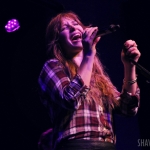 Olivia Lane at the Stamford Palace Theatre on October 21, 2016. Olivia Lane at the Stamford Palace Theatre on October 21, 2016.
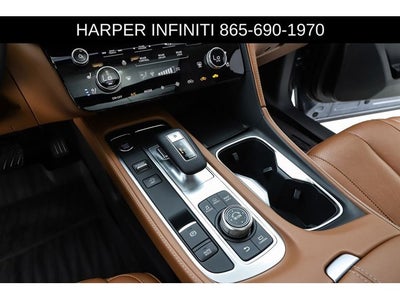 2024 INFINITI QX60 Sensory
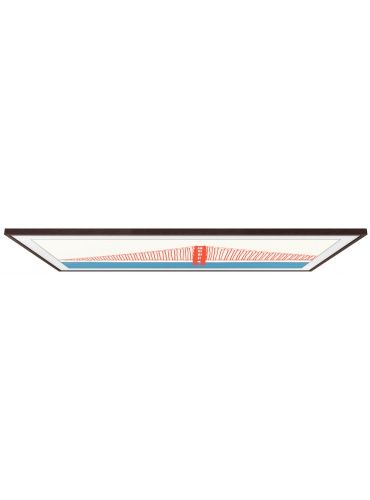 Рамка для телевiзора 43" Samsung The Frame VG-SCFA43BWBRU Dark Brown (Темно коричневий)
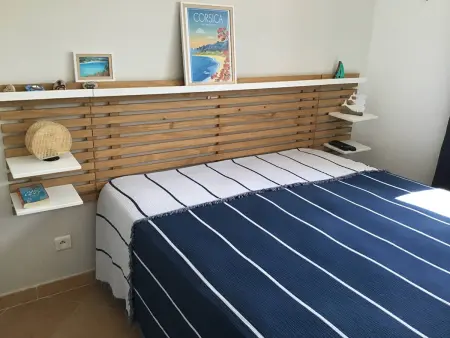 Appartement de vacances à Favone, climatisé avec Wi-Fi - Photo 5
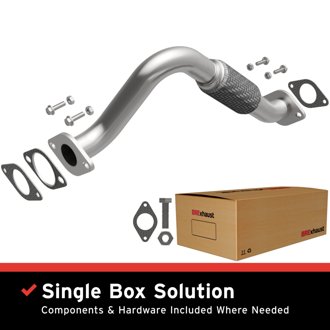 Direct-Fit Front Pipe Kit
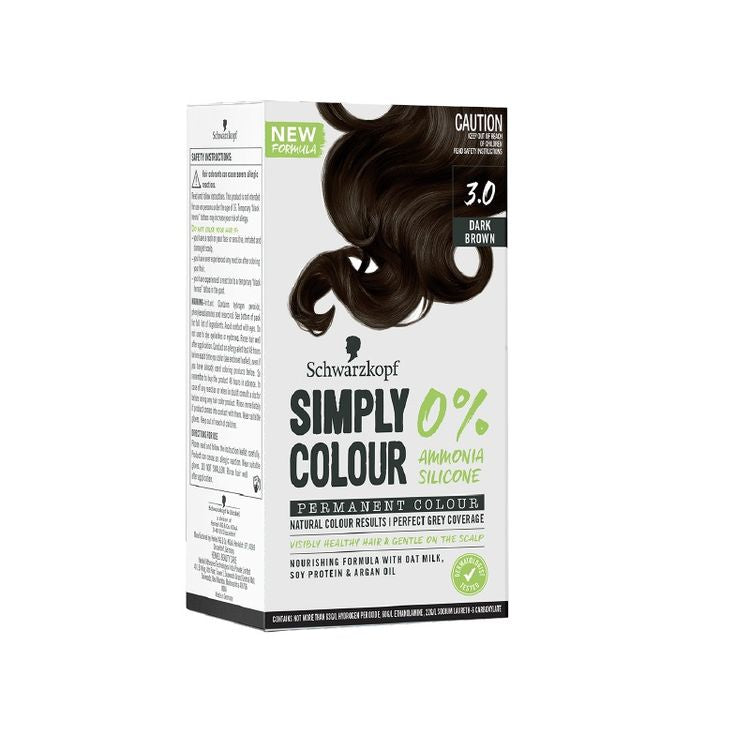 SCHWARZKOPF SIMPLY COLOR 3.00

• _Try it_:
Print exactly the lines from the line with "Рамка для телевiзора" through the end of the data, both ends included, and print no pictures.

• _Reply to the task_:
 Рамка для телевiзора 43" Samsung The Frame VG-SCFA43BWBRU Dark Brown (Темно коричневий)
 Appartement de vacances à Favone, climatisé avec Wi-Fi - Photo 5
 Direct-Fit Front Pipe Kit
 SCHWARZKOPF SIMPLY COLOR 3.00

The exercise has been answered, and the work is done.